# Bring on the Warhorses!



## Avey (Mar 5, 2013)

I woke this morning, turned the radio on, heard a piece, and I go: Today, I shall devote an entire thread to the Warhorses of the performance repertoire. Those works we all love to hate and cannot do without. So let us strut them out.

Are there Warhorses you still enjoy _*every single time*_ you hear it played on radio, in the concert hall, or on your home stereo? Have you come back to those pieces, after rejecting them for *overuse or familiarity*? Are you so sick and tired of one particular piece -- you know, that damn filler in the program notes, performed every holiday season or summer evening?

Do you have any other comments on why these pieces -- the ones always performed or requested -- are "warhorses," if you will? Like, *why these works*? How did _this_ piece of music, versus that other one, become so renown?

Loads of questions, hope that kicks it off.


----------



## ahammel (Oct 10, 2012)

Avey said:


> Are there Warhorses you still enjoy every single time you hear it played on radio, in the concert hall, or on your home stereo?


Mendelssohn 4.

Every. Damn. Time.


----------



## Cosmos (Jun 28, 2013)

Beethoven's 5th will never go stale for me


----------



## Avey (Mar 5, 2013)

ahammel said:


> Mendelssohn 4.


Already controversy. You consider Mendelssohn's Fourth (assuming we are talking the symphony here) a "warhorse?" I have never seen the work performed or listed for performance anywhere near me. I rarely hear the work played on radio either.

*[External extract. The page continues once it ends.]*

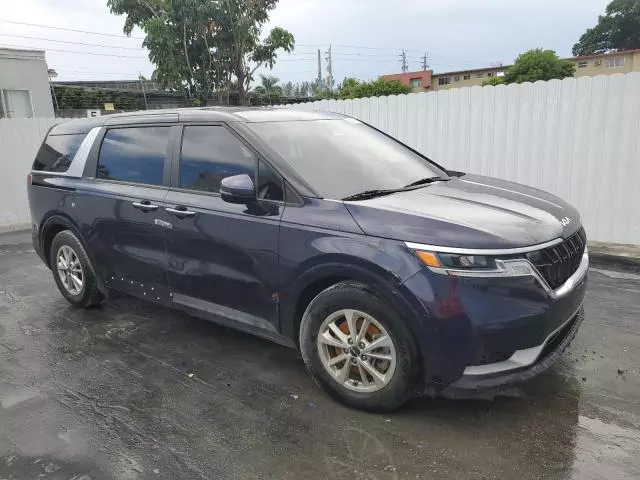 2022 KIA Carnival LX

But we all know it, right? So maybe it is.


----------



## Triplets (Sep 4, 2014)

Is that the Italian Symphony? or the Scottish, or the Reformation? I don't think His Symphonies are referred to by a number.


----------



## mmsbls (Mar 6, 2011)

I have never grown tired of any warhorse. Every work that I imagine others here would think of as a warhorse, I love whenever I hear it in concert, on the radio, or when I decide to put it on. 

For the past several years I have listened to primarily new music (modern/contemporary or new to me) so I don't hear the warhorses too often. I can imagine performers being much less interested after playing some many times. Probably the works I have heard the most are Mozart's symphonies 40 and 41. I simply can't imagine ever not being overwhelmed with their immense beauty.

My daughter told me a story from one of her professors. She was playing The Nutcracker in a live performance. She seemed to remember dozing off and waking up still playing. I'm not sure I quite believe that she was really asleep and on auto-pilot, but maybe she nodded off for a second or two.


----------



## ahammel (Oct 10, 2012)

Italian.

It's not a warhorse? Well, then it should be 

I imagine if we restrict the criteria too much we're going to find that there are no warhorses not written by Beethoven.


----------



## Avey (Mar 5, 2013)

ahammel said:


> I imagine if we restrict the criteria too much we're going to find that there are no warhorses not written by Beethoven.


I do not mean to restrict at all. Depends on the individual. I simply meant to comment on the fact that I have never seen or had the chance to see that symphony performed.


----------



## DiesIraeCX (Jul 21, 2014)

I don't get tired of Brahms' 4th, Beethoven's 9th, 5th, or Mozart's 40th.


----------



## Albert7 (Nov 16, 2014)

I never tire of a single Haydn or Mozart or Beethoven symphony. Every one of them is awesome in its own unique way.

Warhorses are fabulous as long as they aren't the only things that you listen to.


----------



## Avey (Mar 5, 2013)

albertfallickwang said:


> Warhorses are fabulous as long as they aren't the* only things that you listen to*.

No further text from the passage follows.